Secretary of State John Kerry acknowledged Iraq's shadow when he said he understood congressional reluctance to authorize the use of force based on intelligence assessments that the Assad regime used chemical weapons against civilians on Aug. 21. He was seated next to Secretary of Defense Chuck Hagel – who, like him, voted as a senator in 2003 to authorize the invasion of Iraq. "We are especially sensitive, Chuck and I, to never again asking any member of Congress to take a vote on faulty intelligence," Secretary Kerry said.
But Kerry rattled senators when he said that, while the president “has no intention and we do not want to put American troops on the ground to fight this civil war” in Syria, he also did not want “to take off the table an option” for securing Syria’s chemical weapons.
He offered “hypotheticals,” such as the implosion of Syria, resulting in lost command and control of the country’s significant stockpiles of chemical weapons or a situation in which a chemical weapons “cache” falls into the hands of Al Qaeda-affiliated militants.

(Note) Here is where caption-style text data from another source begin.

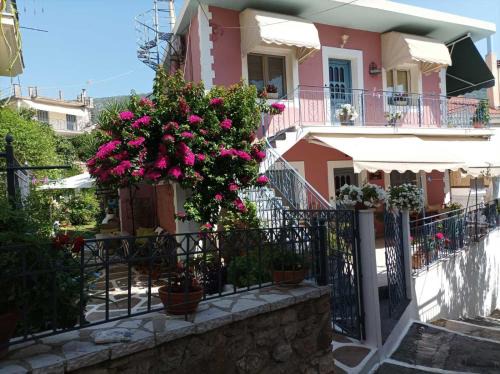 Parga Heritage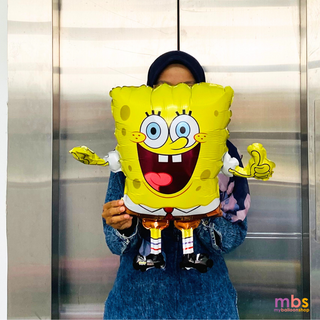 Spongebob Small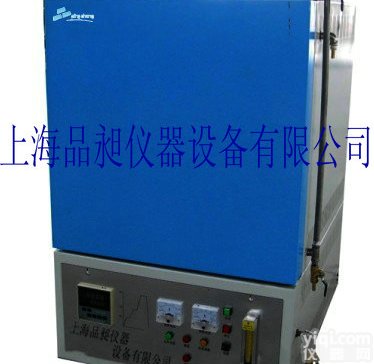 <em>1100</em>℃<em>箱式</em>气氛炉  <em>1100</em>℃（电阻丝）<em>箱式</em>气氛炉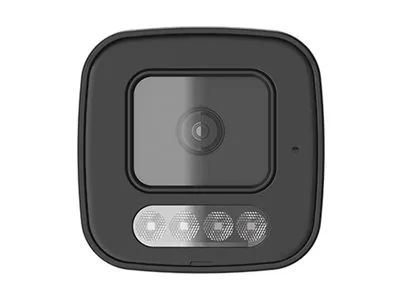 D-Link BCB-P01 - Netzwerk-Überwachungskamera - Kugel - Außenbereich - wetterfest - Farbe (Tag&Nacht)
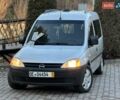 Серый Опель Комбо груз.-пасс., объемом двигателя 1.6 л и пробегом 230 тыс. км за 3800 $, фото 8 на Automoto.ua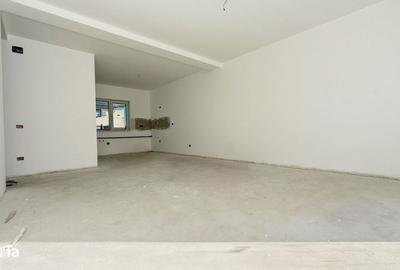 Casă cu 3 camere în Central - 8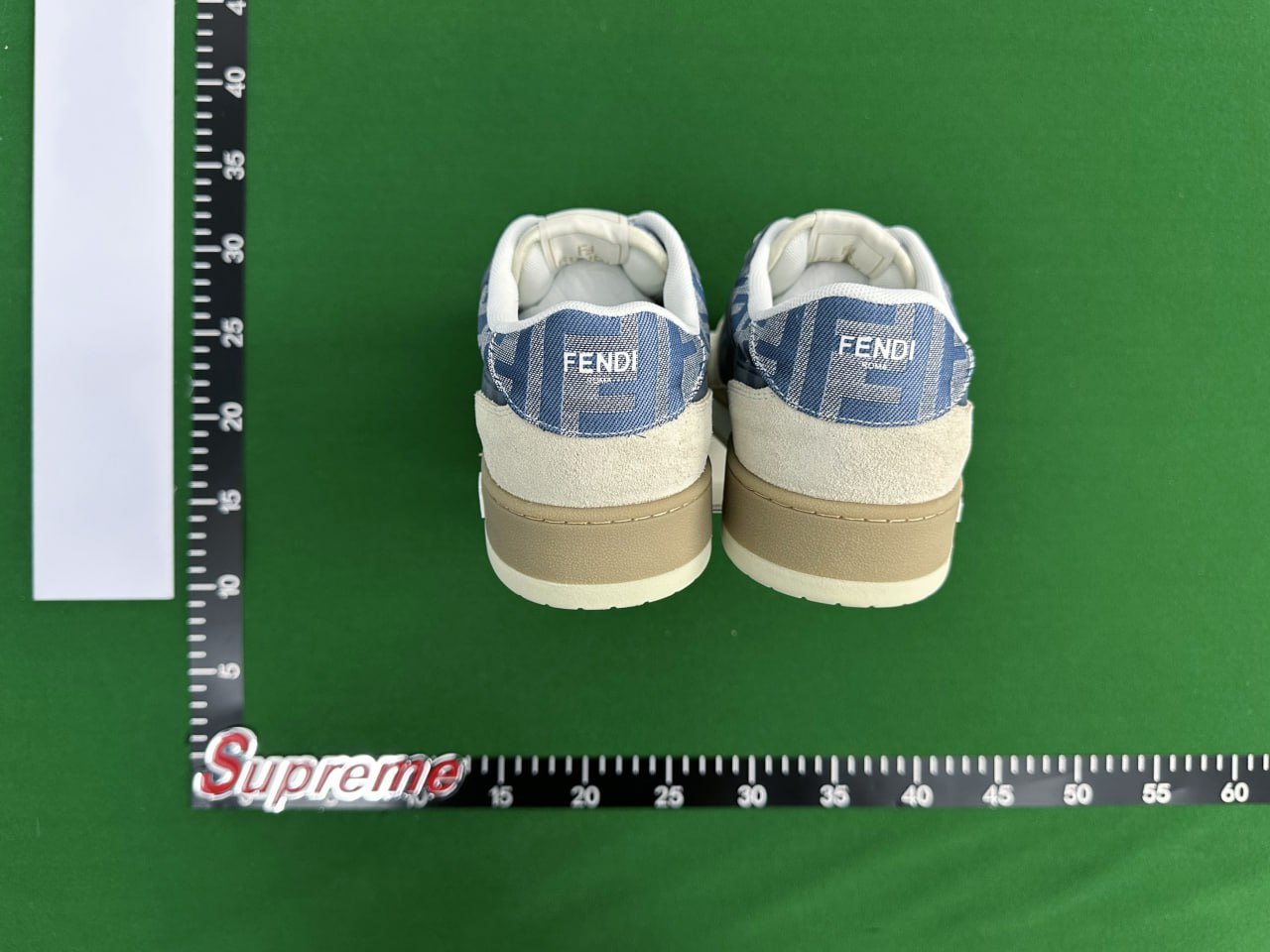 Fendi shoes  [ABC41]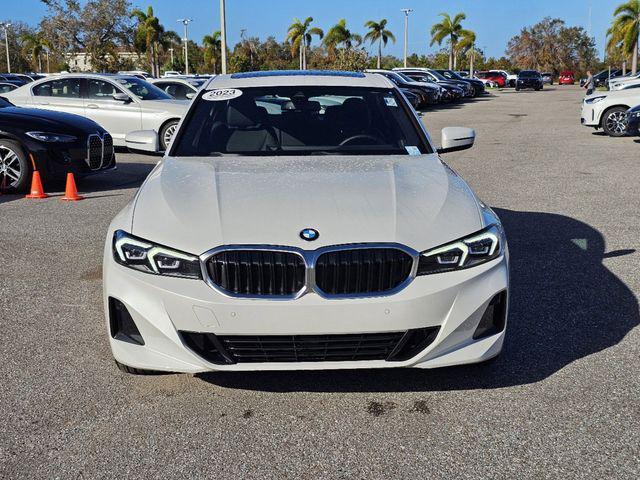 2023 bmw 330 330i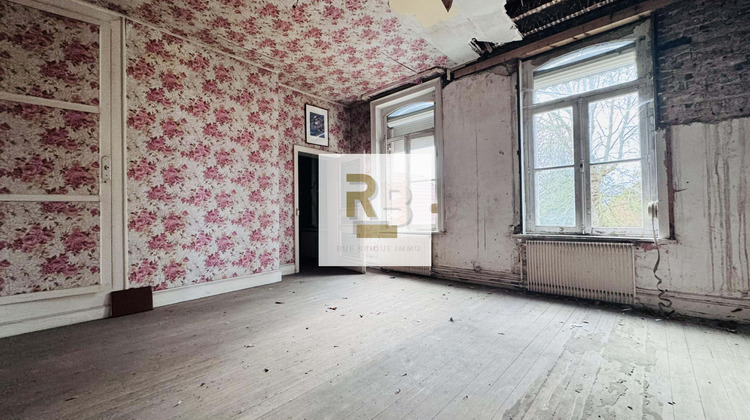 Ma-Cabane - Vente Immeuble Beuvry, 360 m²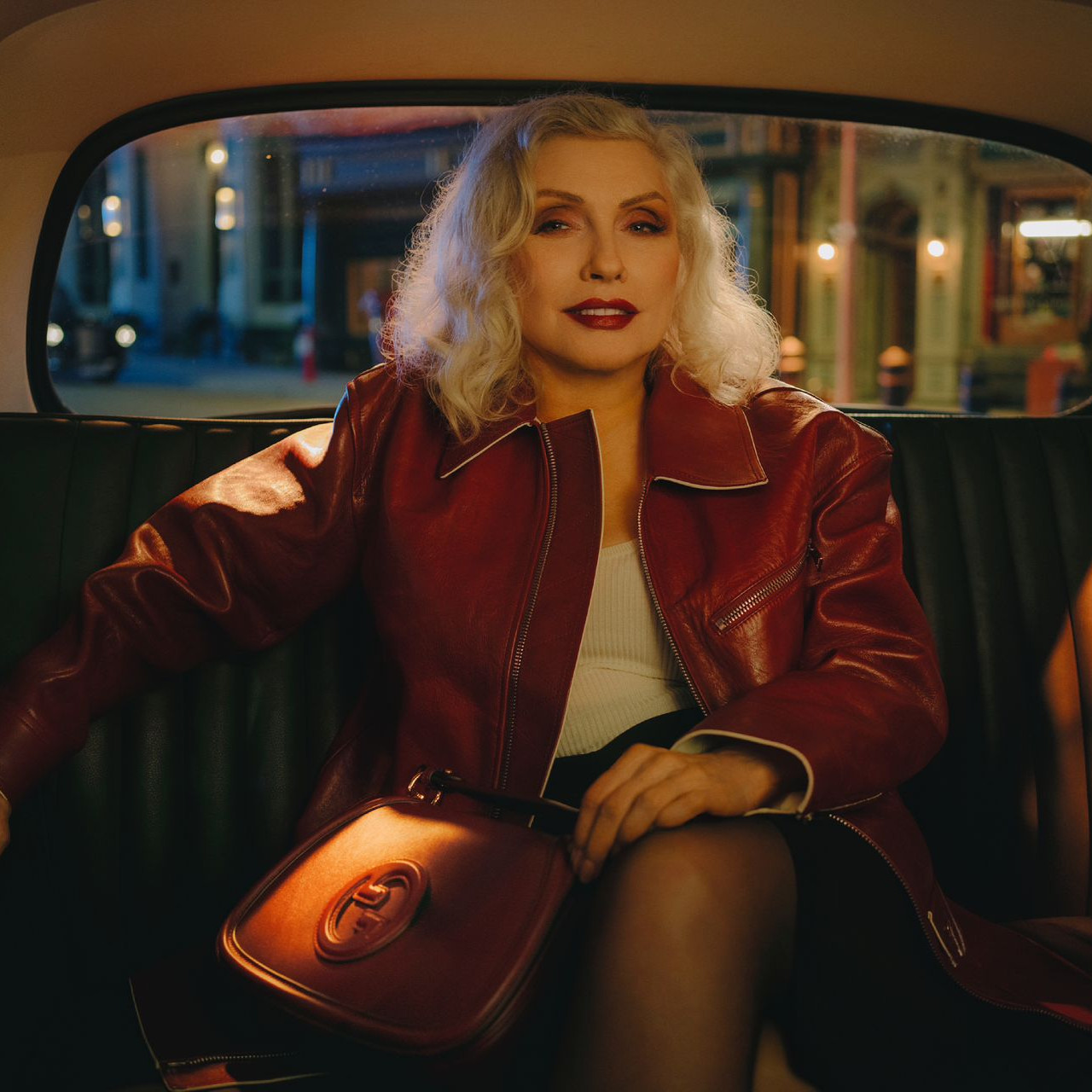 Gucci Meluncurkan Campaign Terbaru Bertajuk "We Will Always Have London"
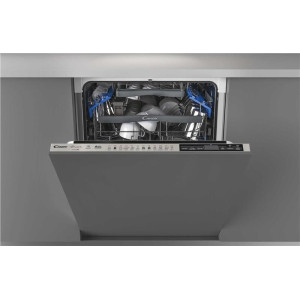 Встраиваемая посудомоечная машина Candy CDIMN 4S613PS Встраиваемая посудомоечная машина Candy CDIMN 4S613PS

But the committee’s chairman, Sen. Robert Menendez (D) of New Jersey, said, “I do think we are going to have to work on language that makes it clear” that the use of American troops is not authorized.
It was only after the committee’s top Republican, Sen. Bob Corker of Tennessee, admonished Secretary Kerry for his response to the use-of-troops question that Kerry offered an unequivocal ban on sending US soldiers into Syria.